Small groups will use the intense media focus to draw attention to their cause, this can be in the form of organised non-violent protests. The key in handling these situations is to maintain order amongst civilians whilst still maintaining a good public image. In the case of the Mexico City games, the protests were ill-managed by the Mexican government, resulting in riots and the death of civilians.

Case study - Mexico City 1968

In 1968 there was a large amount of political unrest, particularly amongst students. Recent events had included the assassinations of Martin Luther King and Robert Kennedy, as well as civil unrest due to the Civil rights movement in the US, and the invasion of Czechoslovakia by the Soviet Union.

During the summer before the games were held, there were a number organised student protests. Initially these were aimed against the US invasion and subsequent occupation of the Dominican Republic three years earlier. The Mexican president Diaz Ortaz was extremely concerned about his country's political image, especially with the coming games. He therefore undertook strict control and policing of the student protests, which were growing larger by the day. In order to suppress the escalating riots, the Army and military presence was stepped up, leading to the occupation of the National Polytechnic Institute (NPI) in Mexico City. Few attempts were made to negotiate with student groups and the increasing military intervention only provoked more riots amongst students.

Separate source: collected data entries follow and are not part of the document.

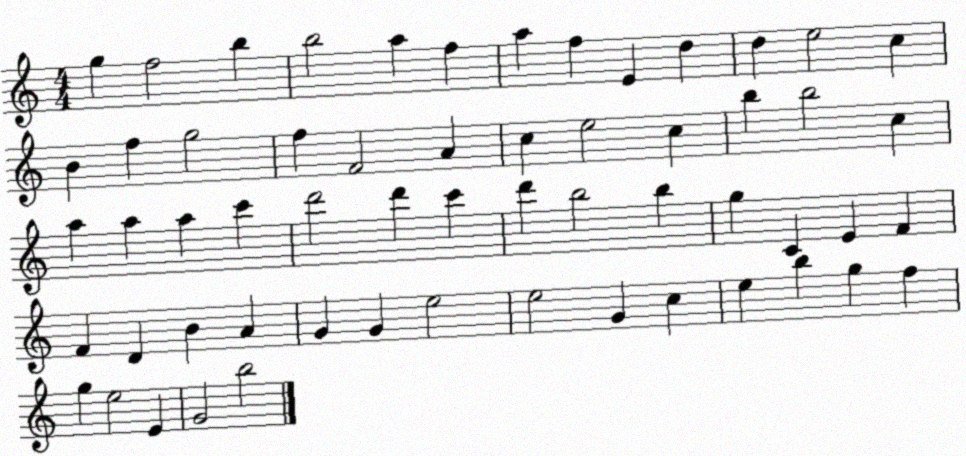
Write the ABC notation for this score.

X:1
T:Untitled
M:4/4
L:1/4
K:C
g f2 b b2 a f a f E d d e2 c B f g2 f F2 A c e2 c b b2 c a a a c' d'2 d' c' d' b2 b g C E F F D B A G G e2 e2 G c e b g f g e2 E G2 b2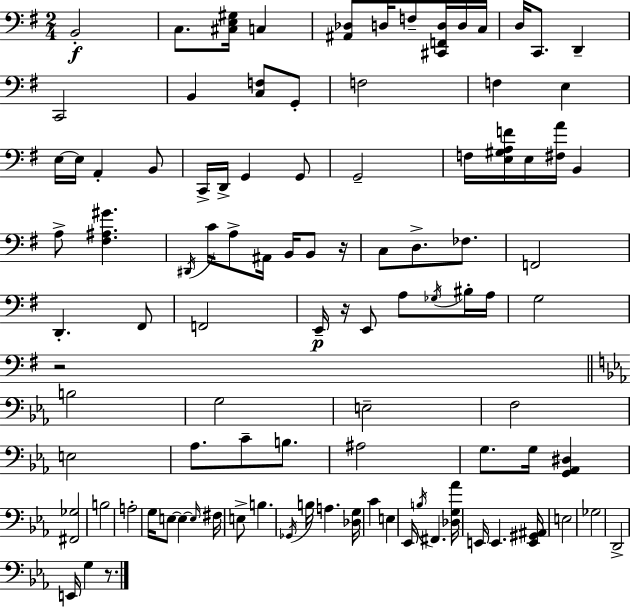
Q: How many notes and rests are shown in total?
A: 100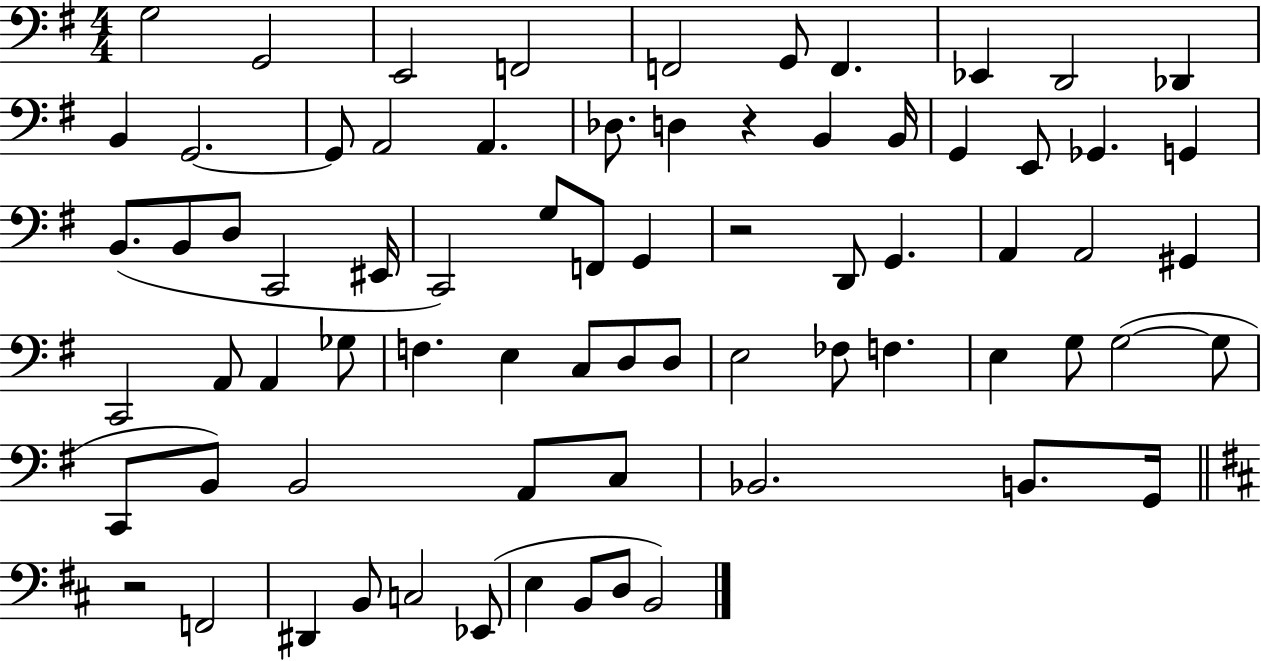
{
  \clef bass
  \numericTimeSignature
  \time 4/4
  \key g \major
  \repeat volta 2 { g2 g,2 | e,2 f,2 | f,2 g,8 f,4. | ees,4 d,2 des,4 | \break b,4 g,2.~~ | g,8 a,2 a,4. | des8. d4 r4 b,4 b,16 | g,4 e,8 ges,4. g,4 | \break b,8.( b,8 d8 c,2 eis,16 | c,2) g8 f,8 g,4 | r2 d,8 g,4. | a,4 a,2 gis,4 | \break c,2 a,8 a,4 ges8 | f4. e4 c8 d8 d8 | e2 fes8 f4. | e4 g8 g2~(~ g8 | \break c,8 b,8) b,2 a,8 c8 | bes,2. b,8. g,16 | \bar "||" \break \key d \major r2 f,2 | dis,4 b,8 c2 ees,8( | e4 b,8 d8 b,2) | } \bar "|."
}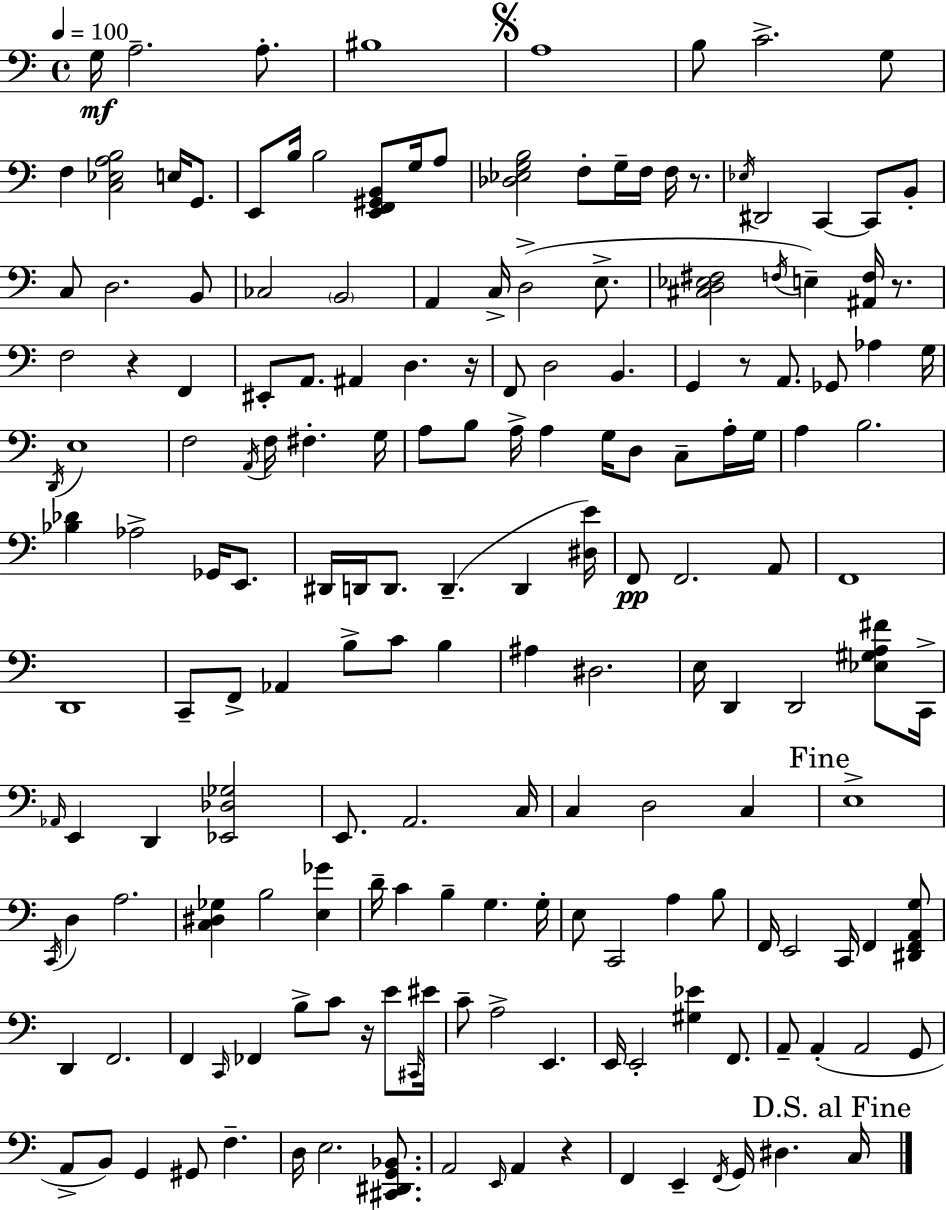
G3/s A3/h. A3/e. BIS3/w A3/w B3/e C4/h. G3/e F3/q [C3,Eb3,A3,B3]/h E3/s G2/e. E2/e B3/s B3/h [E2,F2,G#2,B2]/e G3/s A3/e [Db3,Eb3,G3,B3]/h F3/e G3/s F3/s F3/s R/e. Eb3/s D#2/h C2/q C2/e B2/e C3/e D3/h. B2/e CES3/h B2/h A2/q C3/s D3/h E3/e. [C#3,D3,Eb3,F#3]/h F3/s E3/q [A#2,F3]/s R/e. F3/h R/q F2/q EIS2/e A2/e. A#2/q D3/q. R/s F2/e D3/h B2/q. G2/q R/e A2/e. Gb2/e Ab3/q G3/s D2/s E3/w F3/h A2/s F3/s F#3/q. G3/s A3/e B3/e A3/s A3/q G3/s D3/e C3/e A3/s G3/s A3/q B3/h. [Bb3,Db4]/q Ab3/h Gb2/s E2/e. D#2/s D2/s D2/e. D2/q. D2/q [D#3,E4]/s F2/e F2/h. A2/e F2/w D2/w C2/e F2/e Ab2/q B3/e C4/e B3/q A#3/q D#3/h. E3/s D2/q D2/h [Eb3,G#3,A3,F#4]/e C2/s Ab2/s E2/q D2/q [Eb2,Db3,Gb3]/h E2/e. A2/h. C3/s C3/q D3/h C3/q E3/w C2/s D3/q A3/h. [C3,D#3,Gb3]/q B3/h [E3,Gb4]/q D4/s C4/q B3/q G3/q. G3/s E3/e C2/h A3/q B3/e F2/s E2/h C2/s F2/q [D#2,F2,A2,G3]/e D2/q F2/h. F2/q C2/s FES2/q B3/e C4/e R/s E4/e C#2/s EIS4/s C4/e A3/h E2/q. E2/s E2/h [G#3,Eb4]/q F2/e. A2/e A2/q A2/h G2/e A2/e B2/e G2/q G#2/e F3/q. D3/s E3/h. [C#2,D#2,G2,Bb2]/e. A2/h E2/s A2/q R/q F2/q E2/q F2/s G2/s D#3/q. C3/s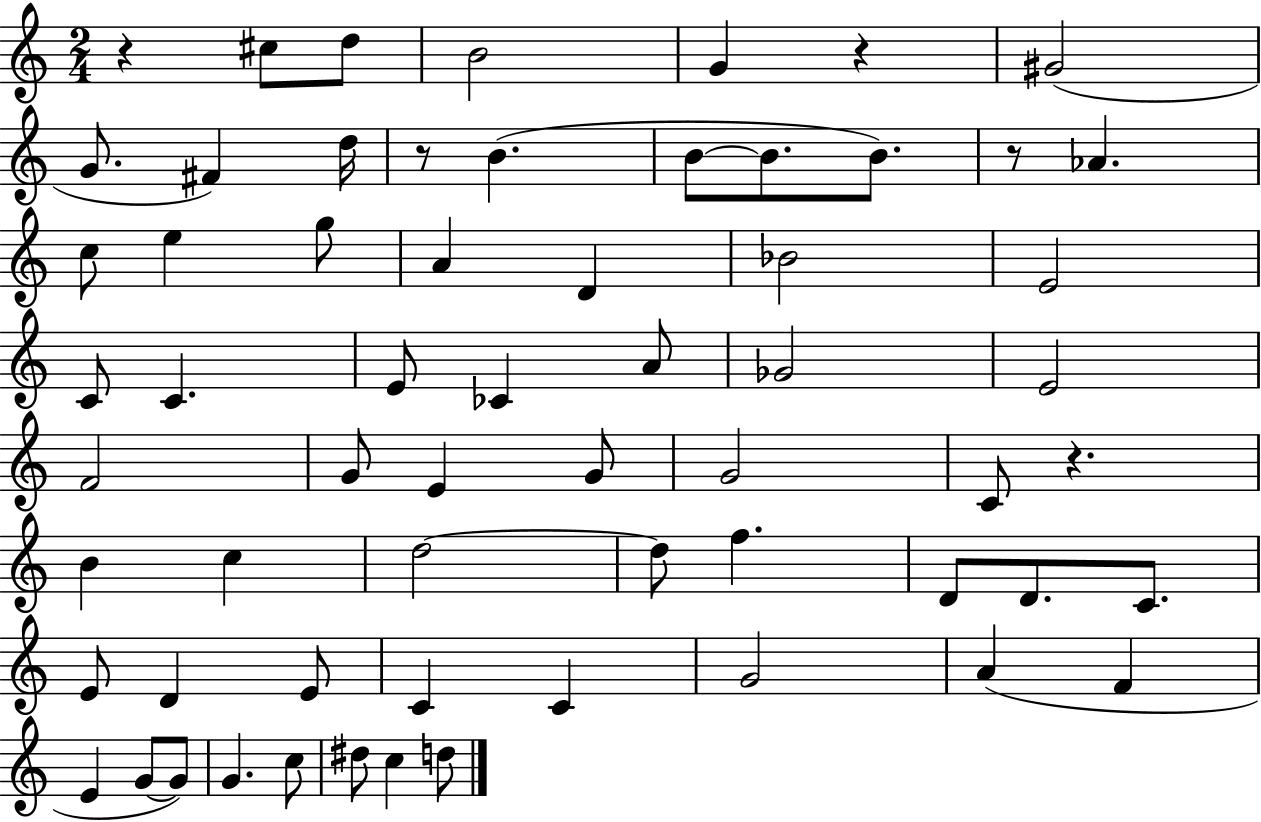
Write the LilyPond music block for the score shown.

{
  \clef treble
  \numericTimeSignature
  \time 2/4
  \key c \major
  \repeat volta 2 { r4 cis''8 d''8 | b'2 | g'4 r4 | gis'2( | \break g'8. fis'4) d''16 | r8 b'4.( | b'8~~ b'8. b'8.) | r8 aes'4. | \break c''8 e''4 g''8 | a'4 d'4 | bes'2 | e'2 | \break c'8 c'4. | e'8 ces'4 a'8 | ges'2 | e'2 | \break f'2 | g'8 e'4 g'8 | g'2 | c'8 r4. | \break b'4 c''4 | d''2~~ | d''8 f''4. | d'8 d'8. c'8. | \break e'8 d'4 e'8 | c'4 c'4 | g'2 | a'4( f'4 | \break e'4 g'8~~ g'8) | g'4. c''8 | dis''8 c''4 d''8 | } \bar "|."
}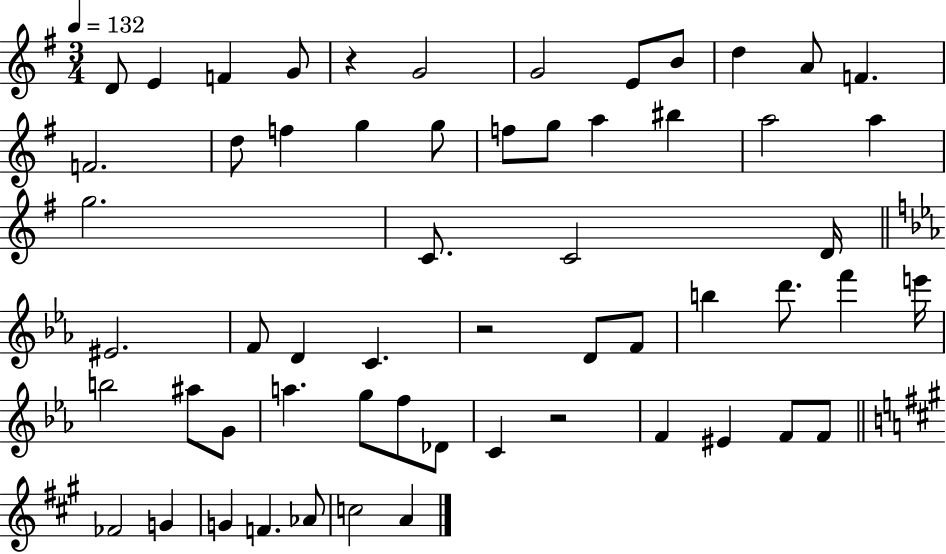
D4/e E4/q F4/q G4/e R/q G4/h G4/h E4/e B4/e D5/q A4/e F4/q. F4/h. D5/e F5/q G5/q G5/e F5/e G5/e A5/q BIS5/q A5/h A5/q G5/h. C4/e. C4/h D4/s EIS4/h. F4/e D4/q C4/q. R/h D4/e F4/e B5/q D6/e. F6/q E6/s B5/h A#5/e G4/e A5/q. G5/e F5/e Db4/e C4/q R/h F4/q EIS4/q F4/e F4/e FES4/h G4/q G4/q F4/q. Ab4/e C5/h A4/q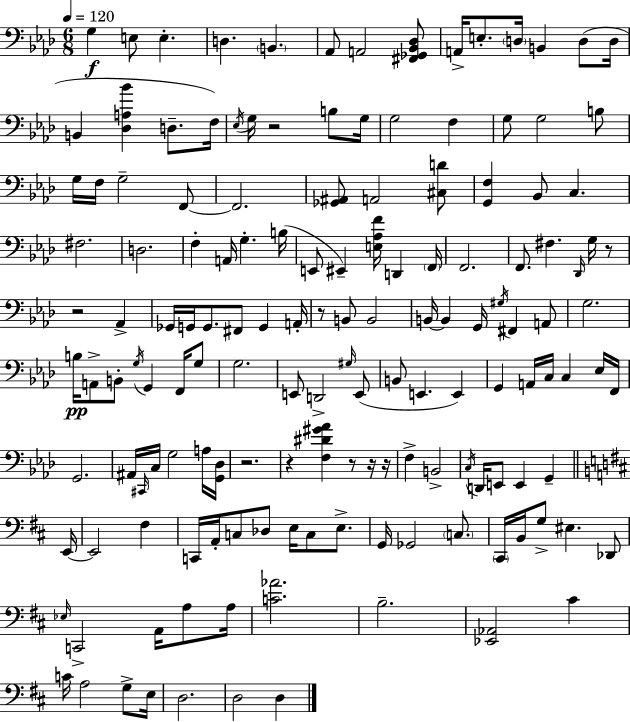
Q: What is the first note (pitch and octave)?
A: G3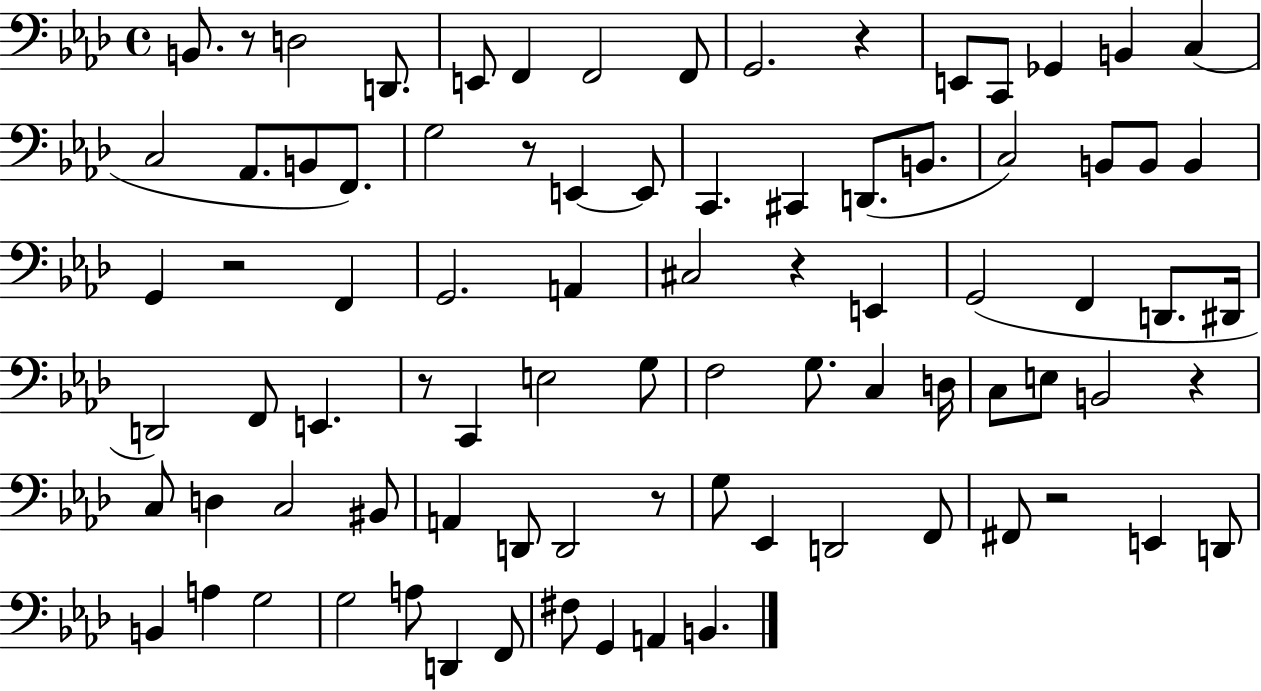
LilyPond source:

{
  \clef bass
  \time 4/4
  \defaultTimeSignature
  \key aes \major
  b,8. r8 d2 d,8. | e,8 f,4 f,2 f,8 | g,2. r4 | e,8 c,8 ges,4 b,4 c4( | \break c2 aes,8. b,8 f,8.) | g2 r8 e,4~~ e,8 | c,4. cis,4 d,8.( b,8. | c2) b,8 b,8 b,4 | \break g,4 r2 f,4 | g,2. a,4 | cis2 r4 e,4 | g,2( f,4 d,8. dis,16 | \break d,2) f,8 e,4. | r8 c,4 e2 g8 | f2 g8. c4 d16 | c8 e8 b,2 r4 | \break c8 d4 c2 bis,8 | a,4 d,8 d,2 r8 | g8 ees,4 d,2 f,8 | fis,8 r2 e,4 d,8 | \break b,4 a4 g2 | g2 a8 d,4 f,8 | fis8 g,4 a,4 b,4. | \bar "|."
}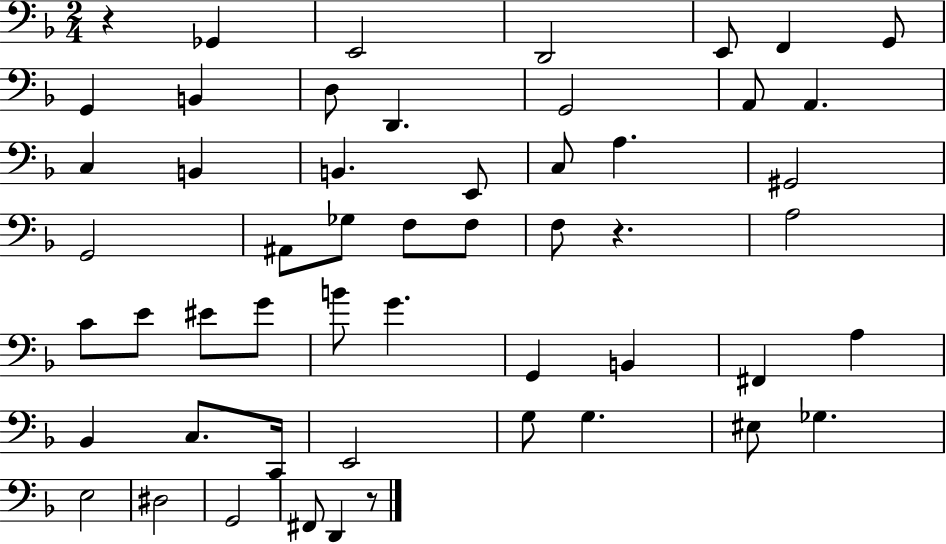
{
  \clef bass
  \numericTimeSignature
  \time 2/4
  \key f \major
  r4 ges,4 | e,2 | d,2 | e,8 f,4 g,8 | \break g,4 b,4 | d8 d,4. | g,2 | a,8 a,4. | \break c4 b,4 | b,4. e,8 | c8 a4. | gis,2 | \break g,2 | ais,8 ges8 f8 f8 | f8 r4. | a2 | \break c'8 e'8 eis'8 g'8 | b'8 g'4. | g,4 b,4 | fis,4 a4 | \break bes,4 c8. c,16 | e,2 | g8 g4. | eis8 ges4. | \break e2 | dis2 | g,2 | fis,8 d,4 r8 | \break \bar "|."
}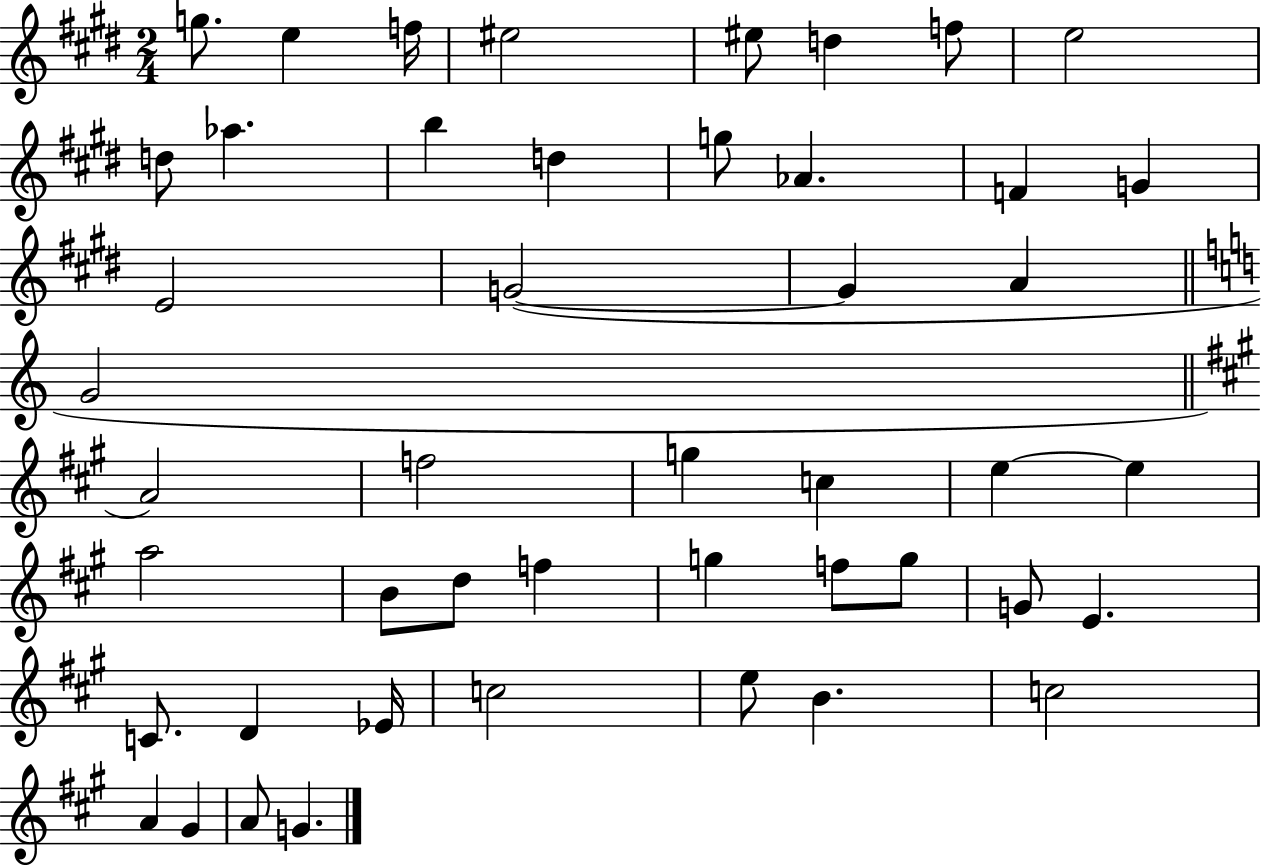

As the protests grew, they were also supported by Trade unions, such as the Railroad workers union. On October 2nd, 10 days before the games, police opened fire on a protest in the trios cultures square on Mexico City university campus. An estimated 300 students were killed in the resulting gunfire as well as hundreds of others injured.

After the massacre, the Government arrested approximately 2000 students, but most were released later that year. The government tried to justify its response by calling the student movement a “communist conspiracy”. There were calls for the games to be cancelled, but they eventually began on time.

This event had major consequences on the political impact of holding the games. The Mexican government were trying to control their public image; Mexico City was already the focus of other controversial aspects of the games, such as the implications on performance of holding it at high altitude. In this case, by trying to stifle and suppress the protests with military intervention, the protests escalated, becoming much more violent and destructive, this highlights the need for adequate assessment of the political environment of the host country.

In Mexico City the government could have managed the situation better by holding talks with the leaders of the student protests. This would have allowed better crowd control and would have saved lives.

Modern crowd control and planning will often involve talks with holders of non-violent protests so that people are able to express their opinion safely without causing any danger or letting the protest escalate out of control. When planning Olympic Games politicians should judge the publics reaction, also they should not use the games as a "political whitewash" to boost flagging tourism and increase their popularity with voters.

In 1968 Tommie Smith and John Carlos held a protest against racism during the awards presentation. They were both members of the running team, with Tommie winning the gold medal in the 200m race. During the ceremony and the playing of the national anthem both runners bowed their heads and raised a fist in the airing the symbolic black power salute.

Black power salute

The protest was actually a compromise, the initial plan was for all the black athletes to boycott the Olympic Games altogether. Instead it was decided that the team would participate in the games as they felt the games provided a "unique platform" where they could stage a protest and receive large amounts of publicity.

Smith and Carlos were immediately removed from the American team and sent home after the ceremony. Although the initial reaction to the protest was negative, Smith and Carlos are seen as important figures in civil rights, not only did they bring the civil rights case to a greater global level, they also provided strong role models for athletes suffering from racism.

[ introduction | social | politics | economics | london 2012 ]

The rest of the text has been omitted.